Taking a closer look at the technical aspects of the poem illuminates why this poem works so well. Obviously the poem is very ordered with end rhymes, syllables counts, and subject then verb lines. The stiffness of the form could easily make the poem itself seem stiff, but Parker avoids this fate by infusing voice and pace into the poem. A driving pace moves the poem through the list of ways to kill yourself, ultimately reaching a final line that makes the poem brilliant and brings to light the poem's voice at the same time. Before “You might as well live,” the poem is a puzzling list of harmful agents, but with that final line everything ties together. It is the cliched missing piece.
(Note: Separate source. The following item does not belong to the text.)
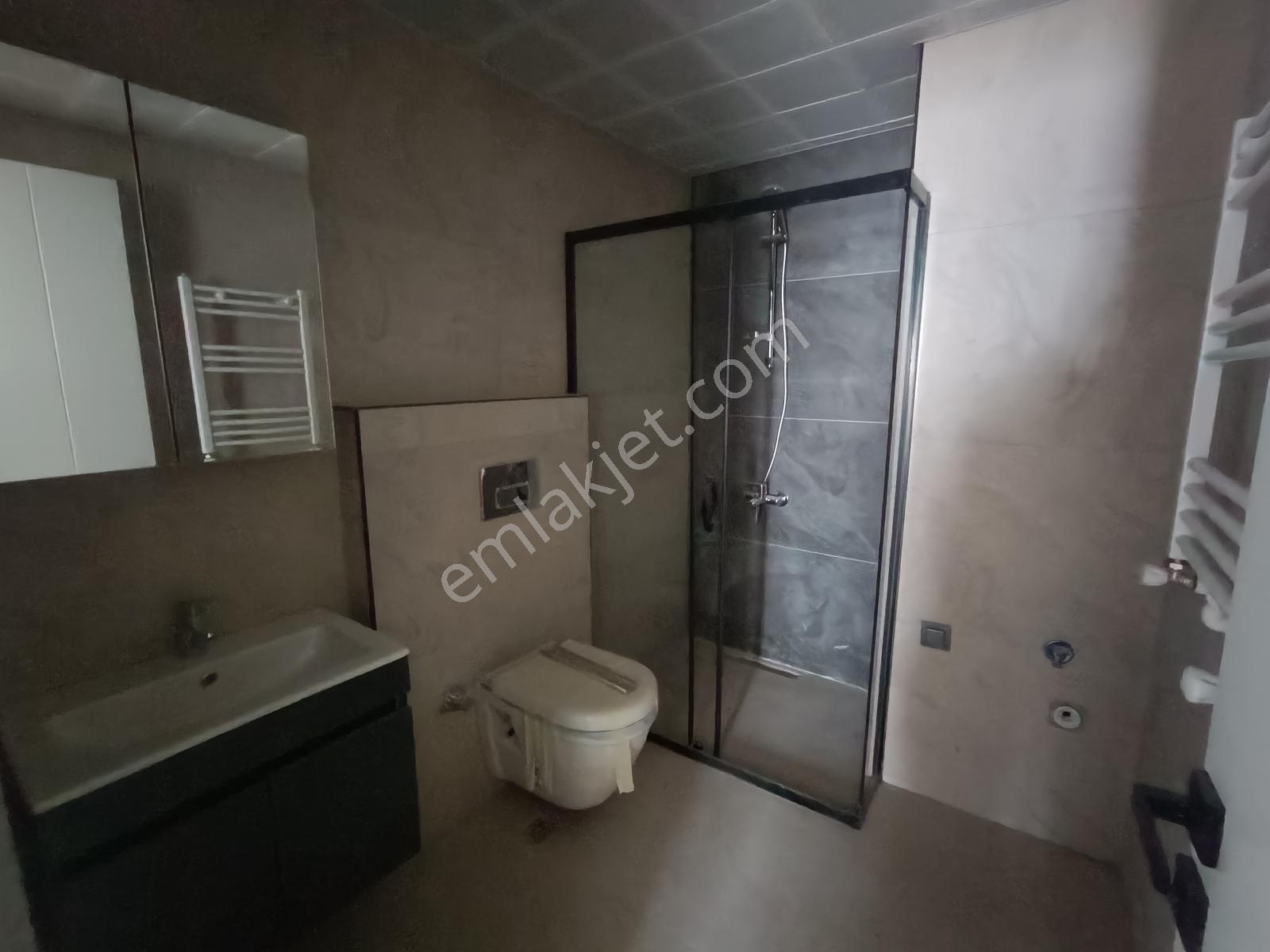 Bahçelievler Konyaltı Cd.yakını Katta Sıfır 1+1 Kiralık Daire - Görsel 23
Read the poem without the final line and you have nothing but a depressing list of ways to kill yourself. Knowing that the final line is key to the whole poem, let's look a little closer at the key to the final line: “might.” You might as well live. It's not you “have” to live or you “must” live. It's not a passionate call to live; instead, it's a nonchalant, almost indifferent resignation. Since you've got nothing else better to do and since the alternative is downright hideous, well, I guess you might as well live. It's a very sly bit of reverse psychology on Dorothy Parker's part, the same type of sly wit that characterized her entire writing and speaking career.

3 comments:

David said...

As a daily reader I would like to see some of your poems and how you came up with them...

Lets see your resume!

David said...

Oh and not to stifle your creativity, but 250 words or less would make it fit into my RSS reader... twitter style!

Matthew A Kaberline said...

Hi David,

Thanks for your comments. I'm glad you're interested in my own poetry. Once we reach the end of April I'll post a poem or two of mine and an essay to go along with them. A few of my poems are posted at the end of last year's blog (around May 2008). Thank you for reading my blog and commenting.